● **Task statement**: Write out exactly the lines from the one containing "5 Alfombrillas Goma" through the last line of the records below, including both.
*** Opening Source data ***
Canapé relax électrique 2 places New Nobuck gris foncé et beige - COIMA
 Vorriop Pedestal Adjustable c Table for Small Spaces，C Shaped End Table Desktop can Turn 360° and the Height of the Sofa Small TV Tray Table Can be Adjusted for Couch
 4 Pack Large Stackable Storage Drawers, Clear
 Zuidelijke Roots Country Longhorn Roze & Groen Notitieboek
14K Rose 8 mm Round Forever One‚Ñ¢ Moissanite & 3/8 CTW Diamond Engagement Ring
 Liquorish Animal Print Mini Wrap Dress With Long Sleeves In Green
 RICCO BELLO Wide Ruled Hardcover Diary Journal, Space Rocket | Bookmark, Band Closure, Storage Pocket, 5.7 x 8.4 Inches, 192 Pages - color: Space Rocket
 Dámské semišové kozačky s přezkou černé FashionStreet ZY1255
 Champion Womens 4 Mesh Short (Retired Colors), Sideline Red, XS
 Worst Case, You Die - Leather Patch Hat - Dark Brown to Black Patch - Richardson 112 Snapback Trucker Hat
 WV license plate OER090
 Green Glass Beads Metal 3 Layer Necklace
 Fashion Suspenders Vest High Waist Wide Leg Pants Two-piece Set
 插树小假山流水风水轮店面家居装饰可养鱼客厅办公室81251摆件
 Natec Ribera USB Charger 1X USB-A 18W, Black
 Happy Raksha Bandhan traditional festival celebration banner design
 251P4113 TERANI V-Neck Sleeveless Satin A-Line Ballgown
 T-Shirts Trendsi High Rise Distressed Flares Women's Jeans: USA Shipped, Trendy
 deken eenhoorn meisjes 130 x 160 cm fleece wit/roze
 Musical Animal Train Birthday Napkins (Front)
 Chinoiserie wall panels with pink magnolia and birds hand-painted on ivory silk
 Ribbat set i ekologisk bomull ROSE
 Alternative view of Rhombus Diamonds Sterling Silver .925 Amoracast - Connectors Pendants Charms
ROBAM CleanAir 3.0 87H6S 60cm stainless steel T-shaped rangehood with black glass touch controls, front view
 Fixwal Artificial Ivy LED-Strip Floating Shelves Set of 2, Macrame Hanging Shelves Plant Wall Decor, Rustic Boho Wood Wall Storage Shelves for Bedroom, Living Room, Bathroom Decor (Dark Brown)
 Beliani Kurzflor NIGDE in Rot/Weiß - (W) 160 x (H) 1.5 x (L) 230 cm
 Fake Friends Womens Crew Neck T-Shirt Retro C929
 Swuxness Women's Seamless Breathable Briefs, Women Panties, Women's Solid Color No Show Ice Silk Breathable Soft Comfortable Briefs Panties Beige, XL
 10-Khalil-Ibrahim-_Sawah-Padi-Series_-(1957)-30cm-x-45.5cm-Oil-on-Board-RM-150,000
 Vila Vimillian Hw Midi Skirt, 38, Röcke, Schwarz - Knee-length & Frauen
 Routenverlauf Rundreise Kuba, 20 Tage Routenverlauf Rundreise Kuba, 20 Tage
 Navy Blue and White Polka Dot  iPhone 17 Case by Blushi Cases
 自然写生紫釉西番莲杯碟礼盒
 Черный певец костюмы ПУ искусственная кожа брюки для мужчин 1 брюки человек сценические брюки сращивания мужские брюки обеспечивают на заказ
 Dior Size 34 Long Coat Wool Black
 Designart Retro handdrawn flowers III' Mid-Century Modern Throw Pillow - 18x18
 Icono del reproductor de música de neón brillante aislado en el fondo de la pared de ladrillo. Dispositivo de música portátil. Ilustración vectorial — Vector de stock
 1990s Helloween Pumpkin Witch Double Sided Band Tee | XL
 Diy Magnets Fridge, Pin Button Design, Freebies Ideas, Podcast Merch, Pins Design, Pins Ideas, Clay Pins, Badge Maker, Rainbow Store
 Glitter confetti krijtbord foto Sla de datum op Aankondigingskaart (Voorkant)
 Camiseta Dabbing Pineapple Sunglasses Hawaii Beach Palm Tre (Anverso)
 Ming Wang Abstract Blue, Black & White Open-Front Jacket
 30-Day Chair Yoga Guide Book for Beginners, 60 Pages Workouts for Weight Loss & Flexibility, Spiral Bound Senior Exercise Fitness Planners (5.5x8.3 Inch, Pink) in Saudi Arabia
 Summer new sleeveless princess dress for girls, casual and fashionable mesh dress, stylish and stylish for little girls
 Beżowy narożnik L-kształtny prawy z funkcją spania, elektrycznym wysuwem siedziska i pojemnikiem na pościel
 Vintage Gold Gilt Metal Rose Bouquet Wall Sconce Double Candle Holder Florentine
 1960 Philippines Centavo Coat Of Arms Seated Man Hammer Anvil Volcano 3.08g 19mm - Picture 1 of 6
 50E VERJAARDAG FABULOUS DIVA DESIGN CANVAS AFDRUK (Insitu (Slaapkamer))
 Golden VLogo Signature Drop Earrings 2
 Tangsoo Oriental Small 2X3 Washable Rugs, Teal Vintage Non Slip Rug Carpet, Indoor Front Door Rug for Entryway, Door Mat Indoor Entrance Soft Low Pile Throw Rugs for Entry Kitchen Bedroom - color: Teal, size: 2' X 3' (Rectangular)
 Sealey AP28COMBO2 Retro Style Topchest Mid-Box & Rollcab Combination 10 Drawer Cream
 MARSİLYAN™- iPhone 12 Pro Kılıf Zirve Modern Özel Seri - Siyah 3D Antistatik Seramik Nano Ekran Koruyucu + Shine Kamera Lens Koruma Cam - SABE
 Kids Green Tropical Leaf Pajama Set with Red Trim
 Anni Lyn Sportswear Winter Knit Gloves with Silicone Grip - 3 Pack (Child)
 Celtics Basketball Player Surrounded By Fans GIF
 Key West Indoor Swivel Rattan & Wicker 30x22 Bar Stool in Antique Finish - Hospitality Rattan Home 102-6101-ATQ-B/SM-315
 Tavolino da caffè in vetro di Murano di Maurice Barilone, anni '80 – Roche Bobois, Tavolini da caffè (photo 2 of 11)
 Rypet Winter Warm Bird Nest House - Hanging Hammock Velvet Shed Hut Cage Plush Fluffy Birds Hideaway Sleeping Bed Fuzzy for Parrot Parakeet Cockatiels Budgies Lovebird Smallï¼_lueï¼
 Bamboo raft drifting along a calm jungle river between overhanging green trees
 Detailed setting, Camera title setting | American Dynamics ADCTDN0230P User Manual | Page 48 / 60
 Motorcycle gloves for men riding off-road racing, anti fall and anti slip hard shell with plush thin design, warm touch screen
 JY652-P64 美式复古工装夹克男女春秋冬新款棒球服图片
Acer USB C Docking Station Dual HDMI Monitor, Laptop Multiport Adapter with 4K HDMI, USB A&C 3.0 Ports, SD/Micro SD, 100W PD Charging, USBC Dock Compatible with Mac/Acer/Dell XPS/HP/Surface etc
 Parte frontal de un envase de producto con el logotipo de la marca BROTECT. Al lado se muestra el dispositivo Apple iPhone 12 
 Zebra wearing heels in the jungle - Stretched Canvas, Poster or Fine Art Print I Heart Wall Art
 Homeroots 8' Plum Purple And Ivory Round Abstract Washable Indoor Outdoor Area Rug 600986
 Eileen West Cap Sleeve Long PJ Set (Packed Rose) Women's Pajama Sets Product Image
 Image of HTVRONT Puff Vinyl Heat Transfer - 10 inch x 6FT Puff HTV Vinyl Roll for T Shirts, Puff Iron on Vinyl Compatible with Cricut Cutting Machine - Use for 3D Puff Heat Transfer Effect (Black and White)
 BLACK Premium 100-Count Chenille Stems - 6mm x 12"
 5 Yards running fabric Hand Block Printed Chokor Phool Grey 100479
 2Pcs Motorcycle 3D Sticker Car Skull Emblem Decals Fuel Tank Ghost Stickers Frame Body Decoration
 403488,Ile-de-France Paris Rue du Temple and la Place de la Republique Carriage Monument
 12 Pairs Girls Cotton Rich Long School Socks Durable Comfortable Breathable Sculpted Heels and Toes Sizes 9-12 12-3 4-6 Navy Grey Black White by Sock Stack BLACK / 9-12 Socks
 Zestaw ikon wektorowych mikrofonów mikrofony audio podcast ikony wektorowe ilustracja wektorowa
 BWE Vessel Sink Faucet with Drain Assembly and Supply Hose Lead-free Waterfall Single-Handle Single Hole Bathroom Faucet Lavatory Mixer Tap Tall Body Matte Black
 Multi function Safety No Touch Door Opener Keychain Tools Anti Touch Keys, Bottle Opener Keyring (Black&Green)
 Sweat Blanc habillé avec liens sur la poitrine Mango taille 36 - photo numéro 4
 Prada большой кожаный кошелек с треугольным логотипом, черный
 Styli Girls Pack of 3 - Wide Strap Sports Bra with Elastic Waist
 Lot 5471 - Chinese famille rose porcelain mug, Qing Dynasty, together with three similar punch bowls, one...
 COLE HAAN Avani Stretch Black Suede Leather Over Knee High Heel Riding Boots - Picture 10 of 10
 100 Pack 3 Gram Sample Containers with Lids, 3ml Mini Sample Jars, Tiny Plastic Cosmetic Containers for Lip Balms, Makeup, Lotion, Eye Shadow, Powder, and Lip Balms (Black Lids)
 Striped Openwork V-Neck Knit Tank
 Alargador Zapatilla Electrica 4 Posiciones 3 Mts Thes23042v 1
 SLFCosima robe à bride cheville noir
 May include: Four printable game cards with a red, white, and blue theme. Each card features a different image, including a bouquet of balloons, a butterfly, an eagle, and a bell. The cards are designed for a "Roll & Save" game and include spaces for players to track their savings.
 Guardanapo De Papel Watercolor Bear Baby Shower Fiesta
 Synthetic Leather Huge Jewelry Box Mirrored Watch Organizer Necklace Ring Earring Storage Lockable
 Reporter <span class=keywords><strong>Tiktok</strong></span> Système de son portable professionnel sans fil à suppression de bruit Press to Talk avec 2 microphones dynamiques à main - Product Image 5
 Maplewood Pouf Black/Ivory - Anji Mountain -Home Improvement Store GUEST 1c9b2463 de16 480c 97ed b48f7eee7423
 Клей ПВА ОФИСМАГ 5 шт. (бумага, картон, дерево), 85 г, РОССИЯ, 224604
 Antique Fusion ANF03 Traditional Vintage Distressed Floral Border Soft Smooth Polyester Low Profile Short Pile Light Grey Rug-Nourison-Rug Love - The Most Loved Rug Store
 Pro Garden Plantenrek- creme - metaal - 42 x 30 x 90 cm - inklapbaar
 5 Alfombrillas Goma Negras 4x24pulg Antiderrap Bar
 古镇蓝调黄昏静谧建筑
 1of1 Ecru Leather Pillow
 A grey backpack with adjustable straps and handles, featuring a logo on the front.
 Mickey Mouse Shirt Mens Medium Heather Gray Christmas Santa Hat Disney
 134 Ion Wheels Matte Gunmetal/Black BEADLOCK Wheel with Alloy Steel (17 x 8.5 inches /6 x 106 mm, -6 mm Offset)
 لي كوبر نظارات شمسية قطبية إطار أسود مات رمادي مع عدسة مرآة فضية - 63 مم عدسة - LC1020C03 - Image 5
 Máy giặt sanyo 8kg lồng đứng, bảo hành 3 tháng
*** Closing Source data ***
● **Result for this exercise**:
 5 Alfombrillas Goma Negras 4x24pulg Antiderrap Bar
 古镇蓝调黄昏静谧建筑
 1of1 Ecru Leather Pillow
 A grey backpack with adjustable straps and handles, featuring a logo on the front.
 Mickey Mouse Shirt Mens Medium Heather Gray Christmas Santa Hat Disney
 134 Ion Wheels Matte Gunmetal/Black BEADLOCK Wheel with Alloy Steel (17 x 8.5 inches /6 x 106 mm, -6 mm Offset)
 لي كوبر نظارات شمسية قطبية إطار أسود مات رمادي مع عدسة مرآة فضية - 63 مم عدسة - LC1020C03 - Image 5
 Máy giặt sanyo 8kg lồng đứng, bảo hành 3 tháng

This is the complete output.